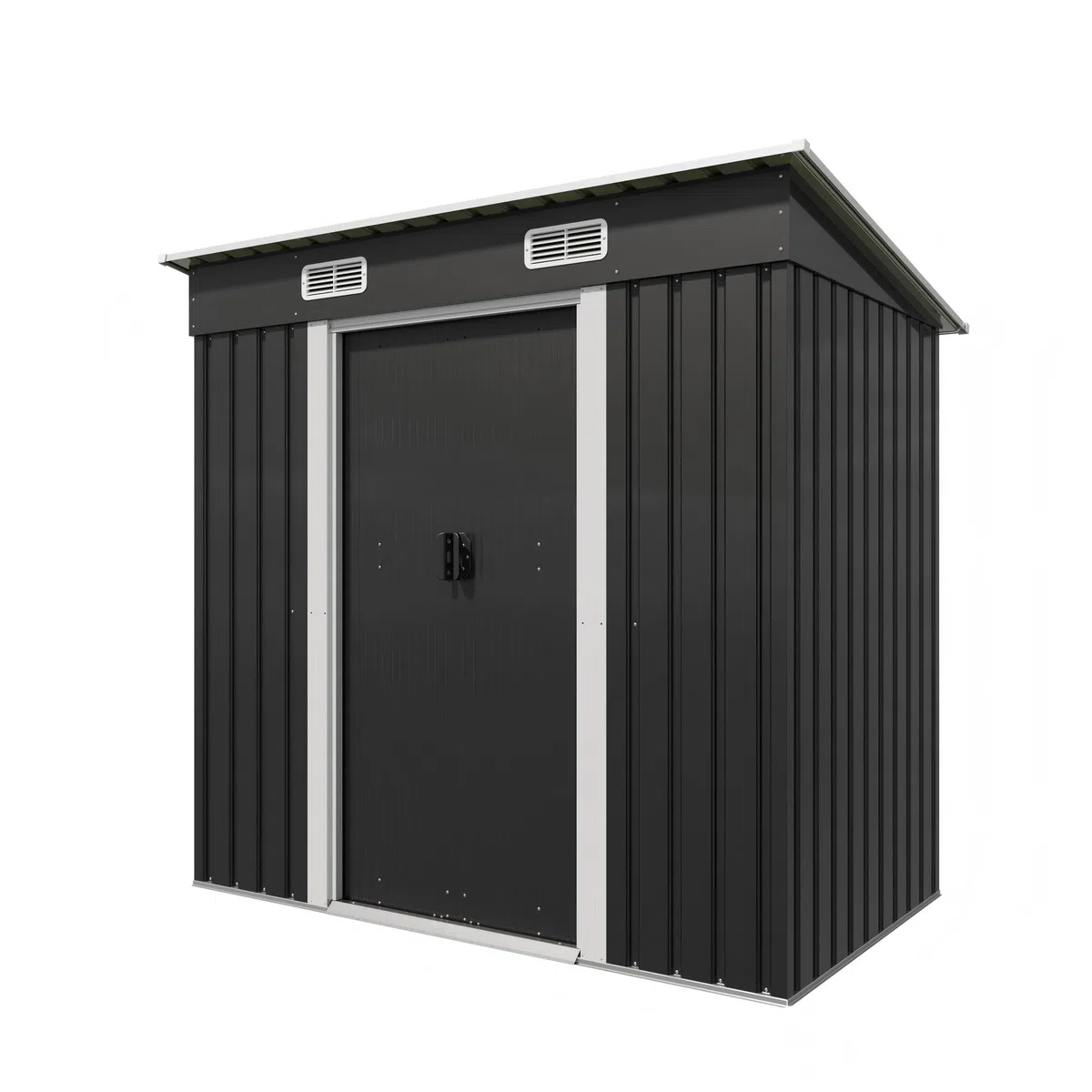 TRIUMPHKEY Abri de Jardin en métal 183x109x182cm avec Fondation 3,6m³ Abri de Jardin avec Toit en appentis et 2 Portes coulissantes, Anthracite, Garage à vélos, Résistant aux intempéries pour Outils
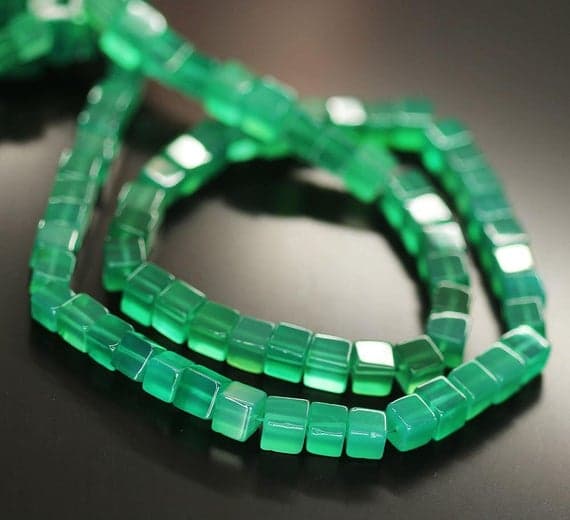 1 strand green onyx square box smooth 16'' long strand gemstone beads, jewelry supplies for jewelry making, bulk beads, for meditation jewellery for Reiki Healing  gemstone 5mm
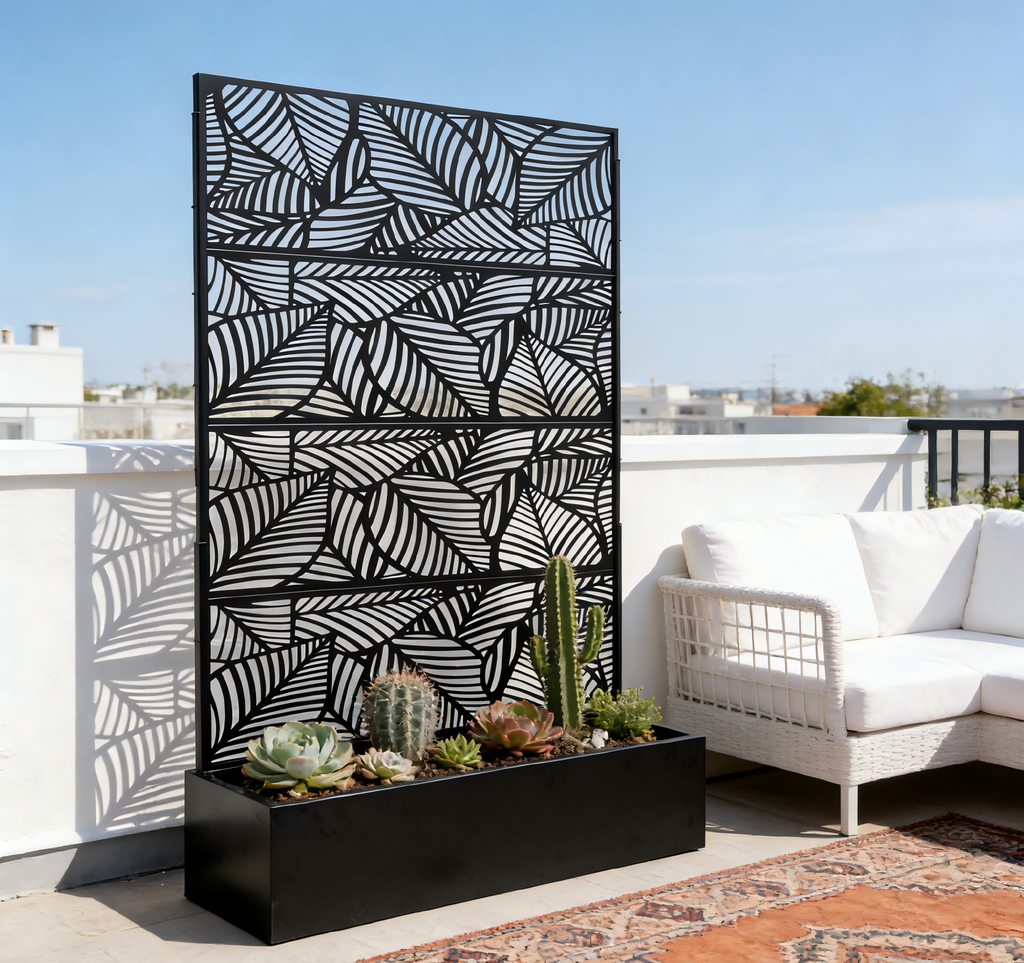 70.87" H × 46.06" W Leaf Pattern Privacy Screen with Planter Box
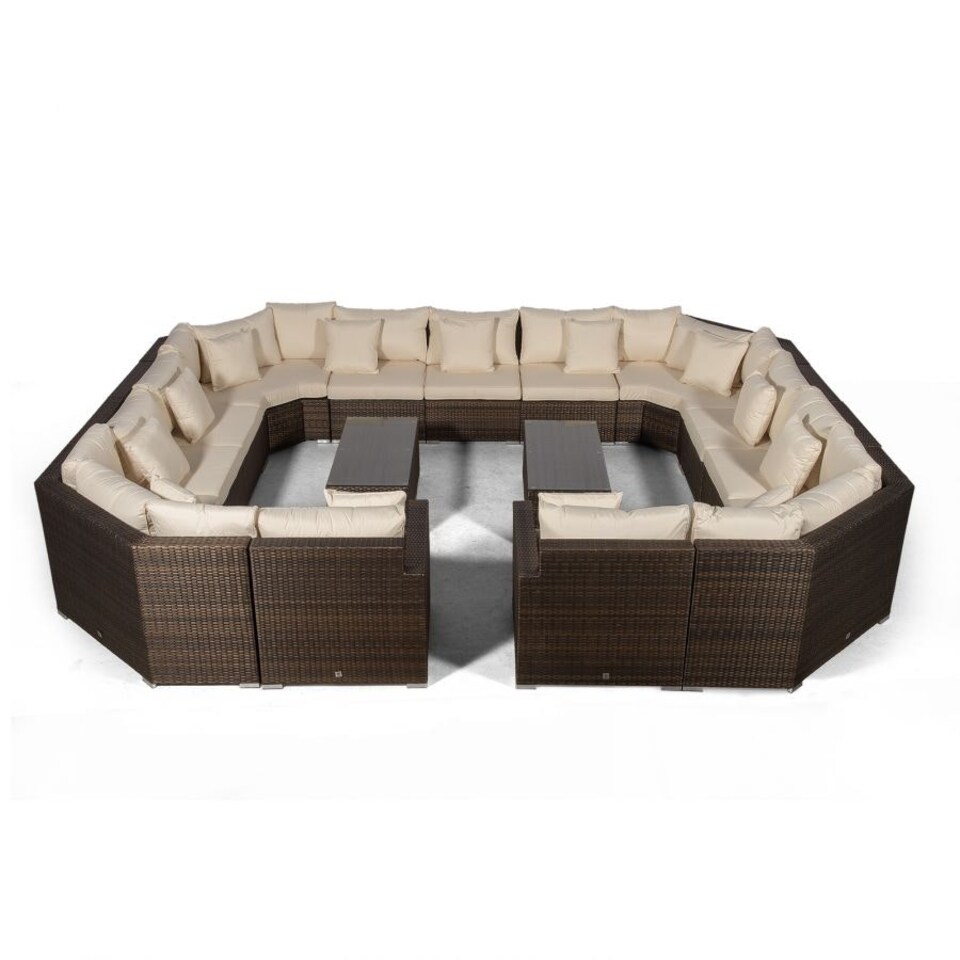 image 1 of Santorini Modular 13 Seat Rattan Conversation Set With 2 Coffee Tables Brown | Ivory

========================================

**Work request**
The data above should be returned in full, exactly as written, apart from its images.

**Answer**
 TRIUMPHKEY Abri de Jardin en métal 183x109x182cm avec Fondation 3,6m³ Abri de Jardin avec Toit en appentis et 2 Portes coulissantes, Anthracite, Garage à vélos, Résistant aux intempéries pour Outils
 1 strand green onyx square box smooth 16'' long strand gemstone beads, jewelry supplies for jewelry making, bulk beads, for meditation jewellery for Reiki Healing  gemstone 5mm
 70.87" H × 46.06" W Leaf Pattern Privacy Screen with Planter Box
 image 1 of Santorini Modular 13 Seat Rattan Conversation Set With 2 Coffee Tables Brown | Ivory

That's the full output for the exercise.